WHAT YOU ARE ASKED TO DO: Among the entries below, find the line with "Bed in City", then quote it and each following line up to and including the line with "Прицеп легковой. Размеры", and nothing else.

(Crawled caption data)
┄┄┄┄┄┄

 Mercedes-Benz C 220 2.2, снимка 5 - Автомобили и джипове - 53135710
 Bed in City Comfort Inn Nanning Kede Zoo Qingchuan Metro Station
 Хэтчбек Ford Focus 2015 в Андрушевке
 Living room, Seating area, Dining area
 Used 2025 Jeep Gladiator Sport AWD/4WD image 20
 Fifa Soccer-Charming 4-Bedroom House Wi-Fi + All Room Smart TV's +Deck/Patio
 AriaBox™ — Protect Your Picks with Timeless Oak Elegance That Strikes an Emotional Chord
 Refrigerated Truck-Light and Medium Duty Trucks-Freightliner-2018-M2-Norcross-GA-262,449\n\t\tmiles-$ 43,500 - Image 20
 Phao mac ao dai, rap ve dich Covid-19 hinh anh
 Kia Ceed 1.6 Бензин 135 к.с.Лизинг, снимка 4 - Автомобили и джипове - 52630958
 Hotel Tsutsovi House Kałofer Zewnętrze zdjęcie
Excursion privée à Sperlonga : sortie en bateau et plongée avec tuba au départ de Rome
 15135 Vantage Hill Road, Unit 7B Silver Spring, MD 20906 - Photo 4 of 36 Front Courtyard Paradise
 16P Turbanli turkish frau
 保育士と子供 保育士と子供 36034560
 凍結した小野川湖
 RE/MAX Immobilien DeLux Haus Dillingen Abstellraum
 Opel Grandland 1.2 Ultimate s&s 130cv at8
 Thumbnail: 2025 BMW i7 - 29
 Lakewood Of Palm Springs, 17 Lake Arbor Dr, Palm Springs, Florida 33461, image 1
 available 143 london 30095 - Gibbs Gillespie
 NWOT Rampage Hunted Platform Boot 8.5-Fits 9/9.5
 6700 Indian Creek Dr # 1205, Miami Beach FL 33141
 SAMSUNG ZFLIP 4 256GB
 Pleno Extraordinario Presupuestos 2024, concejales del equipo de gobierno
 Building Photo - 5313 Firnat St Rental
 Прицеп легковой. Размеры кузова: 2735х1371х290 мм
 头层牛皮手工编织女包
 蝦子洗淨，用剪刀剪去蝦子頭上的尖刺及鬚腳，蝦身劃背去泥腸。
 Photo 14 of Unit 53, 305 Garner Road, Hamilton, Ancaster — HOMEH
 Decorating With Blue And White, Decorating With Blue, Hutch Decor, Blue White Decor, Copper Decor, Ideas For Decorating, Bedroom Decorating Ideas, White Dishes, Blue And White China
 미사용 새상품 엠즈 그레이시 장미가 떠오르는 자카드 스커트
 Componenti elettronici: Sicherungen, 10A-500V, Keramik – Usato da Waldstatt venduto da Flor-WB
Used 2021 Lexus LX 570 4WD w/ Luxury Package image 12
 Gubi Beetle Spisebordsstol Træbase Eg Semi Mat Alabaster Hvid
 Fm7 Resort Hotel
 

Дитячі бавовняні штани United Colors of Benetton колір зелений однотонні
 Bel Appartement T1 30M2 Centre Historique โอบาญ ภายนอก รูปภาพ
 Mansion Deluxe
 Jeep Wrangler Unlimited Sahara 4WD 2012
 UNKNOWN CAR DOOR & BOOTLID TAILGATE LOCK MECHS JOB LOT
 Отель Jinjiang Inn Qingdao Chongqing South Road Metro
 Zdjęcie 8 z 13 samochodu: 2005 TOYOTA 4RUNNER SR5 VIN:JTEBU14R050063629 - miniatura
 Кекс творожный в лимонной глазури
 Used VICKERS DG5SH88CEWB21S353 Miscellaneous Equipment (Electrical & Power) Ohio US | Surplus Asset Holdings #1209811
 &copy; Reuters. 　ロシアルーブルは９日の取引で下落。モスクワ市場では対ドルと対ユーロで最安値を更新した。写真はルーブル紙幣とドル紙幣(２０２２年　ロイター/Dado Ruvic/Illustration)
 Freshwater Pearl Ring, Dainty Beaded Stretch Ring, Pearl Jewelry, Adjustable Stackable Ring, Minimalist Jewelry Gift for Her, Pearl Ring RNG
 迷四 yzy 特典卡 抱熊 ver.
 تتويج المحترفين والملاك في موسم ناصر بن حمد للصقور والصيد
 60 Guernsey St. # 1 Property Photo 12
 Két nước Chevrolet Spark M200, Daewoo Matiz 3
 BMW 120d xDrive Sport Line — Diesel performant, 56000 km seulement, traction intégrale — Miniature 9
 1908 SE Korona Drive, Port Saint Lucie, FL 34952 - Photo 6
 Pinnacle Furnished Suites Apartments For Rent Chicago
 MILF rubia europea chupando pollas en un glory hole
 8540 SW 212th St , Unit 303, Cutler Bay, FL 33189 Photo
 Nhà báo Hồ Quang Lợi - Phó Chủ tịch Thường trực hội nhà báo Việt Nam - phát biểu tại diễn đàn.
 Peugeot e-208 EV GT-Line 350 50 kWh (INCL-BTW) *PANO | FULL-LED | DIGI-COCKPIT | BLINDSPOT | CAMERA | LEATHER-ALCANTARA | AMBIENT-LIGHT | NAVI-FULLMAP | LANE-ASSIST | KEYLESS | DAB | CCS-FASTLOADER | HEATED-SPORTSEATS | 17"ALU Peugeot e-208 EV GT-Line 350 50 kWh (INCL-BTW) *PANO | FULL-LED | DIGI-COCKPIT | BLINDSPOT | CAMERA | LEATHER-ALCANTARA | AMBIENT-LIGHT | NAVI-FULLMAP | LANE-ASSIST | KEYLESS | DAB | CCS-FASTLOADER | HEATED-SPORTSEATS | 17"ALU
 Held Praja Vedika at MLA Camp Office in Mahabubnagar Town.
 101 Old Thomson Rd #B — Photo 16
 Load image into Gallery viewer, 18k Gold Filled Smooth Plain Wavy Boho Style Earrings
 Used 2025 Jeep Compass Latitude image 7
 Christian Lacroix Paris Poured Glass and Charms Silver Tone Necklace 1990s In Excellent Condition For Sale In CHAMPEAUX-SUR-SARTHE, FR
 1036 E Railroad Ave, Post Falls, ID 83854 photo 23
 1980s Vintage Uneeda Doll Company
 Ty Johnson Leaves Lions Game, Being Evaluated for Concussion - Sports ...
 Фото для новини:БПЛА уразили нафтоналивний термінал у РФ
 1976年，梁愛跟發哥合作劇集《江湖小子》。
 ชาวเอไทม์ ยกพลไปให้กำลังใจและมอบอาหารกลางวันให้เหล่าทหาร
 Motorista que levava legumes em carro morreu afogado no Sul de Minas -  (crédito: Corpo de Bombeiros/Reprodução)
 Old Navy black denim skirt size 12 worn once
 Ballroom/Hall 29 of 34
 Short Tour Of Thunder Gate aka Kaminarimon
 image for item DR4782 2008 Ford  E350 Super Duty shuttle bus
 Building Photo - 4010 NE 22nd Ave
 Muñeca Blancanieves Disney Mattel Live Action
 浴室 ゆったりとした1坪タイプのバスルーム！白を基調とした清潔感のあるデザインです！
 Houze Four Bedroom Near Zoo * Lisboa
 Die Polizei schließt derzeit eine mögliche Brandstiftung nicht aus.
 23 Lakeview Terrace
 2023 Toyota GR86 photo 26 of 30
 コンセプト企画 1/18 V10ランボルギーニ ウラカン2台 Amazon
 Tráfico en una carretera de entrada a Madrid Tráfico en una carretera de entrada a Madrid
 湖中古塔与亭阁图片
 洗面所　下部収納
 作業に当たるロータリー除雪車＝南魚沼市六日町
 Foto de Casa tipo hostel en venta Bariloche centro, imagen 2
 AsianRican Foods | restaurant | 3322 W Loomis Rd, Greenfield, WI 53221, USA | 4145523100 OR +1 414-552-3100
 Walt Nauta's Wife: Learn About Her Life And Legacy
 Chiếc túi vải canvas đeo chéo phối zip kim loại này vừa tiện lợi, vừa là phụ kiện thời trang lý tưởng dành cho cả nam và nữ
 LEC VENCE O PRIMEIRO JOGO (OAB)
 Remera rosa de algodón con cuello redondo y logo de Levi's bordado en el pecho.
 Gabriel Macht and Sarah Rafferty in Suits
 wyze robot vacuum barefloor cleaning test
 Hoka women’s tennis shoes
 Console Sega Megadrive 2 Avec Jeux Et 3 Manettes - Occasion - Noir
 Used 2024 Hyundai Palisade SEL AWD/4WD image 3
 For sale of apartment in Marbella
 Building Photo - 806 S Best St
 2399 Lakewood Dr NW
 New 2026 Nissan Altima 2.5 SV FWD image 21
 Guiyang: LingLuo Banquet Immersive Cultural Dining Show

┄┄┄┄┄┄

COMPLETED TASK:
 Bed in City Comfort Inn Nanning Kede Zoo Qingchuan Metro Station
 Хэтчбек Ford Focus 2015 в Андрушевке
 Living room, Seating area, Dining area
 Used 2025 Jeep Gladiator Sport AWD/4WD image 20
 Fifa Soccer-Charming 4-Bedroom House Wi-Fi + All Room Smart TV's +Deck/Patio
 AriaBox™ — Protect Your Picks with Timeless Oak Elegance That Strikes an Emotional Chord
 Refrigerated Truck-Light and Medium Duty Trucks-Freightliner-2018-M2-Norcross-GA-262,449\n\t\tmiles-$ 43,500 - Image 20
 Phao mac ao dai, rap ve dich Covid-19 hinh anh
 Kia Ceed 1.6 Бензин 135 к.с.Лизинг, снимка 4 - Автомобили и джипове - 52630958
 Hotel Tsutsovi House Kałofer Zewnętrze zdjęcie
Excursion privée à Sperlonga : sortie en bateau et plongée avec tuba au départ de Rome
 15135 Vantage Hill Road, Unit 7B Silver Spring, MD 20906 - Photo 4 of 36 Front Courtyard Paradise
 16P Turbanli turkish frau
 保育士と子供 保育士と子供 36034560
 凍結した小野川湖
 RE/MAX Immobilien DeLux Haus Dillingen Abstellraum
 Opel Grandland 1.2 Ultimate s&s 130cv at8
 Thumbnail: 2025 BMW i7 - 29
 Lakewood Of Palm Springs, 17 Lake Arbor Dr, Palm Springs, Florida 33461, image 1
 available 143 london 30095 - Gibbs Gillespie
 NWOT Rampage Hunted Platform Boot 8.5-Fits 9/9.5
 6700 Indian Creek Dr # 1205, Miami Beach FL 33141
 SAMSUNG ZFLIP 4 256GB
 Pleno Extraordinario Presupuestos 2024, concejales del equipo de gobierno
 Building Photo - 5313 Firnat St Rental
 Прицеп легковой. Размеры кузова: 2735х1371х290 мм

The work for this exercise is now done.